THE TASK »
If a line of the data below holds the string "Pool", copy it.

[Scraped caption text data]
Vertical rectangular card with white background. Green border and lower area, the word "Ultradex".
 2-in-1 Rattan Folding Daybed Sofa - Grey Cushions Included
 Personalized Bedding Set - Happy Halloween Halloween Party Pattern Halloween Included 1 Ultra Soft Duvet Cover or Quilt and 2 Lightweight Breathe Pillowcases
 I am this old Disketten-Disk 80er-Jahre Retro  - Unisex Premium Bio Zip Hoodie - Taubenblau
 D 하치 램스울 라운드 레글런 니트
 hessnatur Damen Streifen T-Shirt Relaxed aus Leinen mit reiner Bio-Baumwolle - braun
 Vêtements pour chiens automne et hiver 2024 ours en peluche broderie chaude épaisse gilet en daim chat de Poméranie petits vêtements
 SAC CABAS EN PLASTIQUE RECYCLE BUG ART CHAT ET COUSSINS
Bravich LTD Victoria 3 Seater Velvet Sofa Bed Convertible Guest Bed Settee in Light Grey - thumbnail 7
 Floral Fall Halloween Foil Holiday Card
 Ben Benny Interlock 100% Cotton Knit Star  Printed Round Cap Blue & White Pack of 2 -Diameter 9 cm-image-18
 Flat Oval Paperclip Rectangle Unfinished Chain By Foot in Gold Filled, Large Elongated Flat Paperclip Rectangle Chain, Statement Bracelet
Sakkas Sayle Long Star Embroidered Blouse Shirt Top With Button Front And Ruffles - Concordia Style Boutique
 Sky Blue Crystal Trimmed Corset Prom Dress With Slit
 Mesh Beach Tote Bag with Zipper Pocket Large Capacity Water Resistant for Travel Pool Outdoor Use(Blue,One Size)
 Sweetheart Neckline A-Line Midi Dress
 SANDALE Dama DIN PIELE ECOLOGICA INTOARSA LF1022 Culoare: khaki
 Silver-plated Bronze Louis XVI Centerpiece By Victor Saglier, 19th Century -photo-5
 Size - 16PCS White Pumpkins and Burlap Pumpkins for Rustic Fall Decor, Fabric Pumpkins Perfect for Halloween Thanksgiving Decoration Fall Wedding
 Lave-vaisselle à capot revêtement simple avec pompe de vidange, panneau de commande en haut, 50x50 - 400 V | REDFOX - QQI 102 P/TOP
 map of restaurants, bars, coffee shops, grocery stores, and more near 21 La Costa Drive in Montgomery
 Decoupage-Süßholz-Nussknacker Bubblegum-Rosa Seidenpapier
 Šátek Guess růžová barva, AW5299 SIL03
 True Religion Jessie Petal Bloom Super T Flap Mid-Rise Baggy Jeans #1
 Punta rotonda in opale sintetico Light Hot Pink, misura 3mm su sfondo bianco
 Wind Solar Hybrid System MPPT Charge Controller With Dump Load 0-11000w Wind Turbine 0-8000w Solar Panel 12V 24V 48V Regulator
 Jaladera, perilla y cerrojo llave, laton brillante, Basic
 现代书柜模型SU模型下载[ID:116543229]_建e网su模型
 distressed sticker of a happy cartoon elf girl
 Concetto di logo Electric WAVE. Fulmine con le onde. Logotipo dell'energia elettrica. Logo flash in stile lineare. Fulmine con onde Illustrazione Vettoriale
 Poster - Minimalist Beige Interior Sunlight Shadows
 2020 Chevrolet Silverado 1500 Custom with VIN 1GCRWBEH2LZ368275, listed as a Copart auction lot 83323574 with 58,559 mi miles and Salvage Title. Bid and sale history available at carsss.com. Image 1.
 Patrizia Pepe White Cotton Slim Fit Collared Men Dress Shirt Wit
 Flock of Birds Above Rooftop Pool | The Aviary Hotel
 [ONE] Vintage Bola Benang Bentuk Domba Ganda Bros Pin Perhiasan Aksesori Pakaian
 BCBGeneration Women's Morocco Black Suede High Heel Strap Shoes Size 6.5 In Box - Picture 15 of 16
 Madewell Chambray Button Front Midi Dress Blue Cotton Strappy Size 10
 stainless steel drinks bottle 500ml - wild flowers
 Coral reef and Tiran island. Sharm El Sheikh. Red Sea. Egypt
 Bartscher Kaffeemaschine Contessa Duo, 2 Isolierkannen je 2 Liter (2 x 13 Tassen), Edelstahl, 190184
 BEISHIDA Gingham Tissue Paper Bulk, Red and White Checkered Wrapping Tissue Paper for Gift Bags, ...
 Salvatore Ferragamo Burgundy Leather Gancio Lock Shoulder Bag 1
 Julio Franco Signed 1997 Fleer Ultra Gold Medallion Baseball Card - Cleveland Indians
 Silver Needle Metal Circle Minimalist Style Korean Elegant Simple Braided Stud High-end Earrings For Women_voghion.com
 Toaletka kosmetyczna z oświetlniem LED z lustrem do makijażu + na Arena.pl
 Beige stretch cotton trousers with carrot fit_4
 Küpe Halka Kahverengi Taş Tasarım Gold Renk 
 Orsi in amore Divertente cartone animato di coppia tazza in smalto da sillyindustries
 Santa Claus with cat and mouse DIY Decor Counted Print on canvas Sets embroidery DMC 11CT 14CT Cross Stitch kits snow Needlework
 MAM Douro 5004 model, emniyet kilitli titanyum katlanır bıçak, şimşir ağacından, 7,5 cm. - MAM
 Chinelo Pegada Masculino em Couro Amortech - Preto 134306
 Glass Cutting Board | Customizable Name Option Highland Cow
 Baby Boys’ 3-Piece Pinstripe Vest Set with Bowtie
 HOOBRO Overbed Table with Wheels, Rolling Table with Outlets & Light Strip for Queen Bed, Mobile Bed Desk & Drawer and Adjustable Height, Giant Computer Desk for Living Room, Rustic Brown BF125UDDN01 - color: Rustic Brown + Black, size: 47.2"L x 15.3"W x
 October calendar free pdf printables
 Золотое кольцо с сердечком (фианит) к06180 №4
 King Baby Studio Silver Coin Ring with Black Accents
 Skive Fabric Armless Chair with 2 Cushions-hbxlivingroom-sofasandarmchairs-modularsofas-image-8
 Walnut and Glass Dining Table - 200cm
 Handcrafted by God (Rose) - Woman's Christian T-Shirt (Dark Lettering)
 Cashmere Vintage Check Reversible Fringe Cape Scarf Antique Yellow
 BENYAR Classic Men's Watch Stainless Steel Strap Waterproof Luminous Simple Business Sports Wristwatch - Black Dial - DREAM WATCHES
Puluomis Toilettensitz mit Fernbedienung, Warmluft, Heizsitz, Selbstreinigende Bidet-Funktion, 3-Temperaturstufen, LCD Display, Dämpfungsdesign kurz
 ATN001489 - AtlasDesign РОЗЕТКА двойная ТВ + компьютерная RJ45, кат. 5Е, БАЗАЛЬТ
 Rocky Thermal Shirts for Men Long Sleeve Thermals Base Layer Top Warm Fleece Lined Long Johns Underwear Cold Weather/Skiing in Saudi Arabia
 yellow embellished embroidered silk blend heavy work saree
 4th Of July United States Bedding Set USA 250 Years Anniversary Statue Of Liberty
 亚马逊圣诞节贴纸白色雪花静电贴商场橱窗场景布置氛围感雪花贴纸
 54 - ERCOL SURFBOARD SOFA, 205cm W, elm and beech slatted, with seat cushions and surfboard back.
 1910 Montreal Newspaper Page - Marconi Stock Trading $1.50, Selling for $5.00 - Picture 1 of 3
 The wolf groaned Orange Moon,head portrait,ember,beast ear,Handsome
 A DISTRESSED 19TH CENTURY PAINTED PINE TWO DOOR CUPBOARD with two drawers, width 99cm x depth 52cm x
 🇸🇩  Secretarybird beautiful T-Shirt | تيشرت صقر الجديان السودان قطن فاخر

YOUR RESPONSE »
 Mesh Beach Tote Bag with Zipper Pocket Large Capacity Water Resistant for Travel Pool Outdoor Use(Blue,One Size)
 Flock of Birds Above Rooftop Pool | The Aviary Hotel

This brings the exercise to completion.